Slide something aluminum, or even wood thru the opposite end and give it some taps.


----------



## TommyD (Mar 30, 2016)

When you look through the back side of the spindle can you see the back edge of the piece? 

Do you have a metal bar long enough to go through the spindle from the back and give it a couple of sharp raps on the back edge to see if you can jar it loose? Place something on the bed to catch it if/when it pops out.


----------



## Fremen (Mar 30, 2016)

So after about 10 gentle hits with an aluminium rod I switched out to Brass and two hits with that and it is free.

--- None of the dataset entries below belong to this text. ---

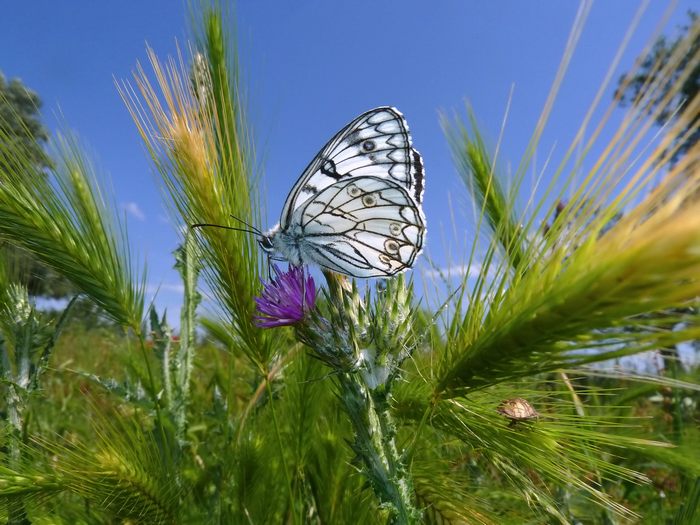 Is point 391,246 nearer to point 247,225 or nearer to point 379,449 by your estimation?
→ point 247,225

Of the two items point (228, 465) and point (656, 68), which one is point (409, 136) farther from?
point (228, 465)

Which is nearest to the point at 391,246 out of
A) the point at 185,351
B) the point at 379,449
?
the point at 379,449

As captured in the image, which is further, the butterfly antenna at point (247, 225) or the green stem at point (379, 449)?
the butterfly antenna at point (247, 225)

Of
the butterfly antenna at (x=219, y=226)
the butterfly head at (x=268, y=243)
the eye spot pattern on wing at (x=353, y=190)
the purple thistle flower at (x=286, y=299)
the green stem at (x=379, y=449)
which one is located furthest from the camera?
the eye spot pattern on wing at (x=353, y=190)

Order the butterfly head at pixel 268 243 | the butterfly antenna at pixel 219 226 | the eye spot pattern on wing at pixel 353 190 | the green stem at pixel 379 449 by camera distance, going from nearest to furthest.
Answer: the green stem at pixel 379 449 < the butterfly antenna at pixel 219 226 < the butterfly head at pixel 268 243 < the eye spot pattern on wing at pixel 353 190

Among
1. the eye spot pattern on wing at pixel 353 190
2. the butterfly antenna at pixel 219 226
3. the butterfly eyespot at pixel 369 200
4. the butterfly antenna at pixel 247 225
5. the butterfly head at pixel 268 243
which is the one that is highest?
the eye spot pattern on wing at pixel 353 190

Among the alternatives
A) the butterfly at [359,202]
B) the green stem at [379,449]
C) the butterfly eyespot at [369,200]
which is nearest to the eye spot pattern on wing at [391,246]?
the butterfly at [359,202]

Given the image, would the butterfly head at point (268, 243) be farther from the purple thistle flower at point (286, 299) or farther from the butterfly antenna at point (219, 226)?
the purple thistle flower at point (286, 299)

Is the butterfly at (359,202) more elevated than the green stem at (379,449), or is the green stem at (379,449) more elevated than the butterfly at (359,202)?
the butterfly at (359,202)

I now have a Colette adapter that fits!

Any idea what type of threads the Levered adapter uses?


----------



## brino (Mar 30, 2016)

Hi Fremen,

First welcome to the site! You will find a pile of wonderful folks here. Everyone willing to help with no attitude.

What model is your SouthBend?
Mine is a catalog number 409R, with a 4-1/2' bed, and a 1.5 x 8TPI spindle thread.
The best accessory I bought was:
http://www.bealltool.com/products/turning/colletchuck.php
They are standard ER-32 collets and I have bought a number of various metric and imperial sizes.

Second, sorry I have no idea about the "Levered" adapter. However a decent thread gauge is a necessity for identifying various threads. It is a worth while investment and will get used plenty.

You may want to check out Cardon Tools. They are in the old Rick's Marina building on hwy. 7 near Perth, Ontario. It is an owner-operated, small town shop that specializes in machine tools. They carry a wide assortment of "stuff" from various sources. Full disclosure: I am only a (very) happy customer; I have no financial interest. I did buy a used Mitutoyo thread gauge from them.

Have Fun!
-brino


----------



## Fremen (Mar 31, 2016)

Hi Brino,

The lathe is a 9a with the 4.5 bed I believe.

SN = 51941NAR10

Have not been able to figure out what the 10 means.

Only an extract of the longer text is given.